» PROBLEM TO WORK ON
In the listing that follows, print every line exactly and leave the images out.

» INFORMATION SUPPLIED
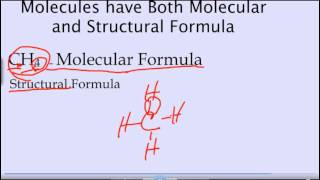 Molecular vs Structural Formulas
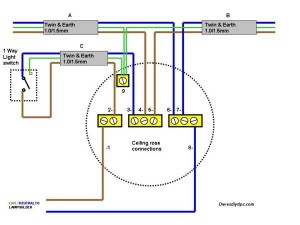 Click on to enlarge fig 5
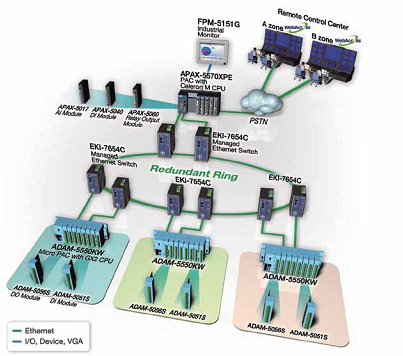 Advantech Alagt Vilgts
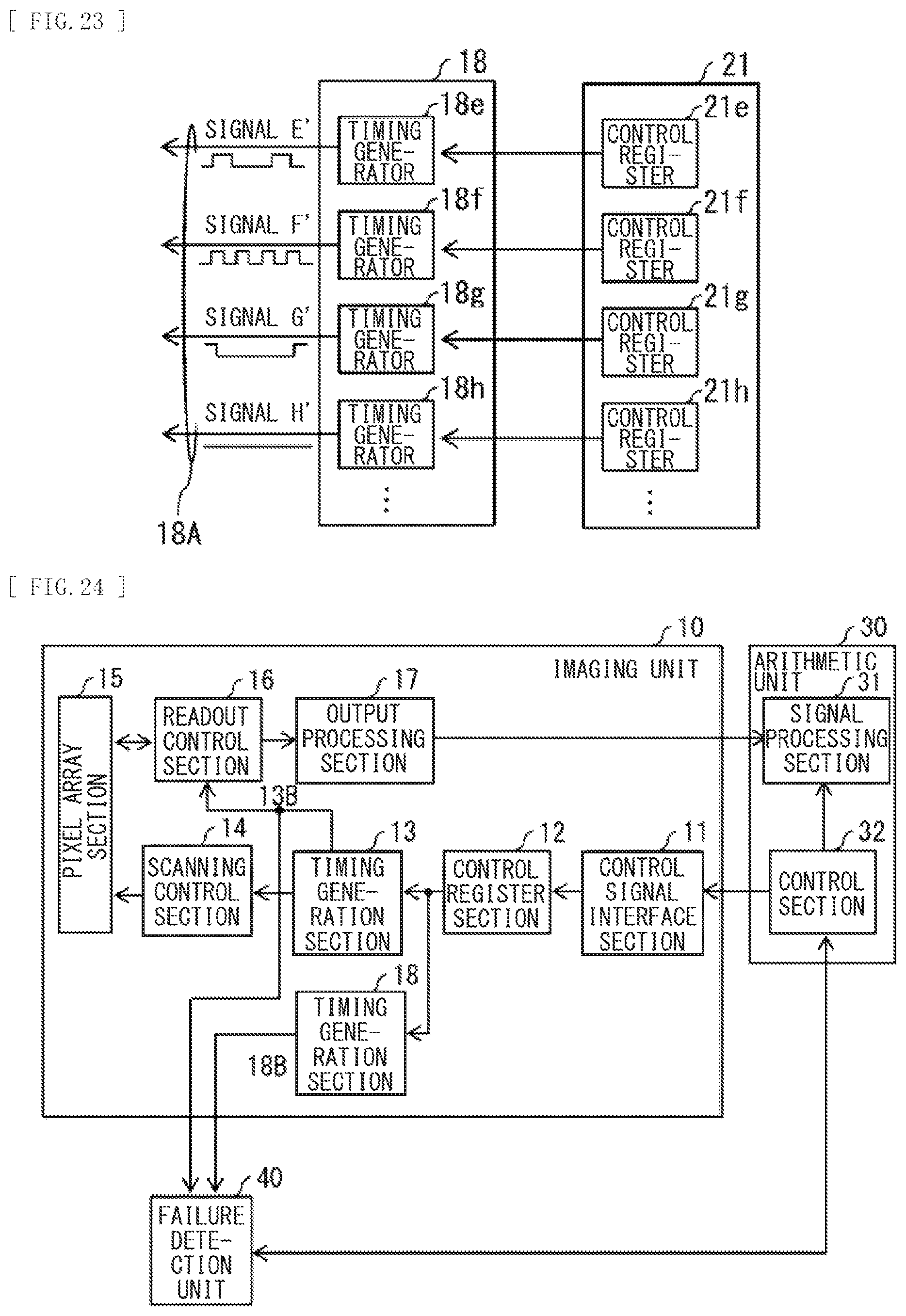 Patent US11818333 Figure 17 – Imaging device, imaging system, and failure detection method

» OUTPUT
 Molecular vs Structural Formulas
 Click on to enlarge fig 5
 Advantech Alagt Vilgts
 Patent US11818333 Figure 17 – Imaging device, imaging system, and failure detection method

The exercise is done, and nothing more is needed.